A reverse mortgage also may allow you to remain in your home, rather than having to move in with loved ones. That’s because this type of loan enables you to stay in your home while you receive proceeds. The loan obligation, which won’t exceed the value of the home, becomes due when you leave the home or pass away.

If you are considering leaning on family members to maintain your living expenses, this may be a consideration for taking out a reverse mortgage.

Reason #3: You Have An Investment Portfolio

Contrary to popular beliefs, a reverse mortgage is not just for the “last resort” borrower. In fact, having other investments can be precisely the reason to take out a reverse mortgage, financial experts say.

Say you have a portfolio invested for your future, but it hasn’t yet met your expectations, or perhaps you’ve had to withdraw from it for unforeseen expenses — or worse, you had to draw principal when the market is down.

“…research shows that strategically combining reverse mortgages and investment portfolios can significantly boost sustainable retirement income,”

Tapping into your home equity with a reverse mortgage can allow you to keep you investments longer. In fact, some financial advisors have recently touted this strategy as a way for savvy investors to make the most of their retirement portfolios.

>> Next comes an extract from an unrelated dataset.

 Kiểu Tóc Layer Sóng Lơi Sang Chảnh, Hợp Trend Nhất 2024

A recent article in the Journal of Retirement points to the rising use of reverse mortgages for this purpose.

“Recent research shows that strategically combining reverse mortgages and investment portfolios can significantly boost sustainable retirement income,” write authors Tom Davison and Keith Turner. “Moreover, in the last three years the regulatory framework has been revised to develop further the market for these instruments.”

Research has indicated the majority of retirees are much better off when they execute on this strategy because it allows them to prolong their investments, or avoid withdrawing from them when there is still upside potential.

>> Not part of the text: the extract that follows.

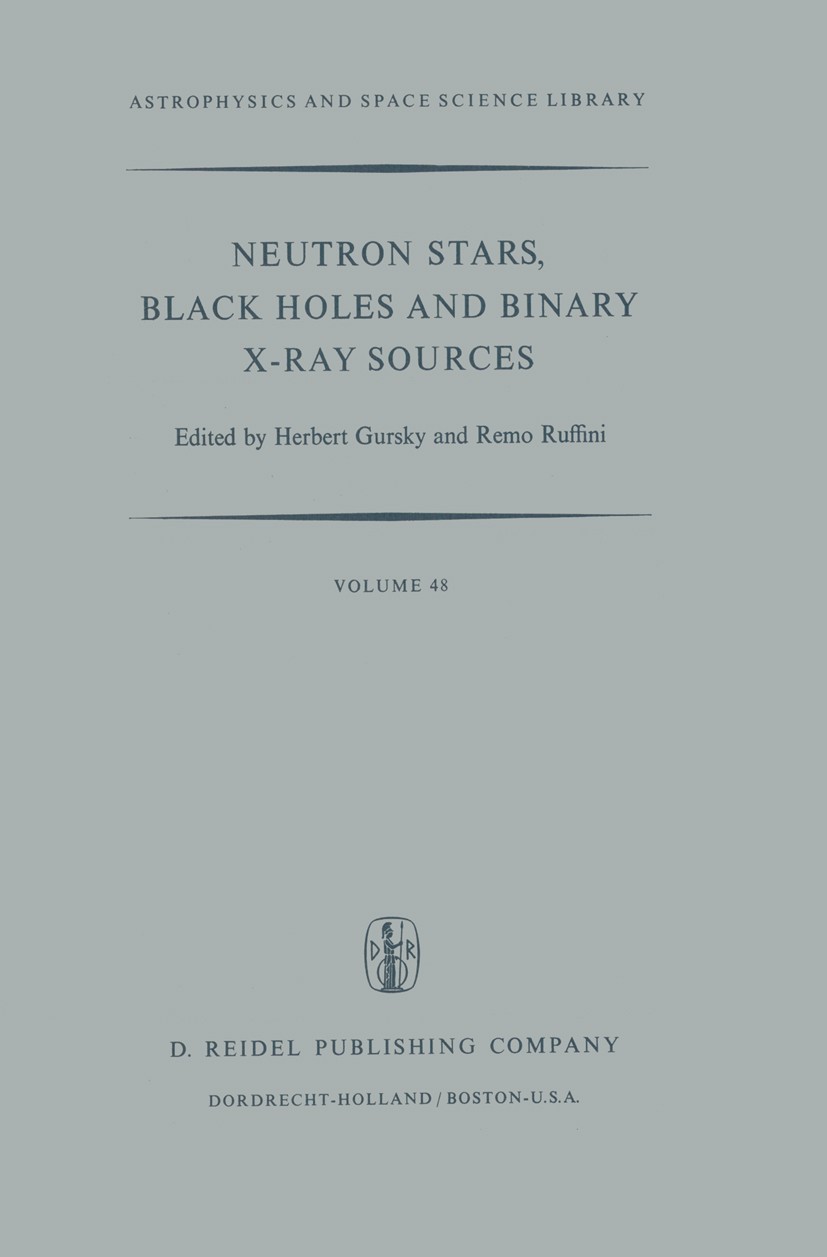 Titlebook: Neutron Stars, Black Holes and Binary X-Ray Sources; Herbert Gursky,Remo Ruffini Book 1975 Springer Science+Business Media Dordrecht 1975 Titlebook: Neutron Stars, Black Holes and Binary X-Ray Sources; Herbert Gursky,Remo Ruffini Book 1975 Springer Science+Business Media Dordrecht 1975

“Reverse mortgages are increasingly recognized as a valuable financial planning tool,” Davison and Turner write. “They are now seen as well suited for retirees—not only underfunded homeowners who turn to a reverse mortgage as a last resort, but also those who enter retirement well-funded.”

If you have invested wisely but you’re looking to weather a market downturn, or simply set up a “rainy day fund” in the form of a line of credit, this may be a reason for considering a reverse mortgage.

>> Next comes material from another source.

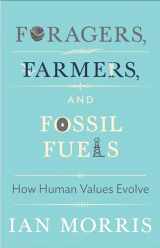 9780691175898-0691175896-Foragers, Farmers, and Fossil Fuels: How Human Values Evolve (The University Center for Human Values Series, 41)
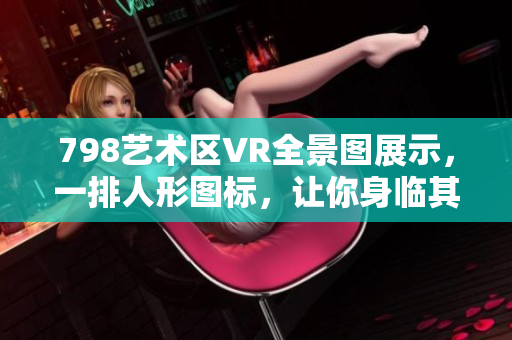 798藝術(shù)區(qū)VR全景圖展示，一排人形圖標(biāo)，讓你身臨其境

And, a few reasons not to get a reverse mortgage

Of course, a reverse mortgage is not the right move for everyone.  There are good reasons not to get a reverse mortgage.

If you do not plan to remain in your home for the foreseeable future, a reverse mortgage may not be the best fit. If you are likely to need full time care provided by an assisted living community or a nursing home, likewise, you may want to consider selling your home rather than taking out a reverse mortgage.

For some families, leaving the home to the adult children is a priority, and this is another reason people choose not to get a reverse mortgage because the equity in the home is used to fund the reverse mortgage.

It’s also important to understand that a reverse mortgage is a financial tool that comes with certain requirements. In order to obtain a reverse mortgage, you (and your spouse if you have one) will need to attend reverse mortgage counseling before taking out the loan. You’ll also need to undergo a financial assessment conducted by a reverse mortgage loan officer to assess whether you meet the financial criteria for getting the loan.

As with any loan, a reverse mortgage comes with borrower terms. These include (but are not limited to) upkeep of the property, ongoing payment of property taxes, and maintenance of a homeowners insurance policy. Should a borrower fail to meet these terms, the lender can call the loan due and payable and it will need to be repaid within a set time frame.

Before You Get a Reverse Mortgage

Talking with family members, your spouse, and other trusted advisors is always a good idea when considering a financial product such as a reverse mortgage.

Getting more information from a certified reverse mortgage professional will further help you gauge whether a reverse mortgage is right for you.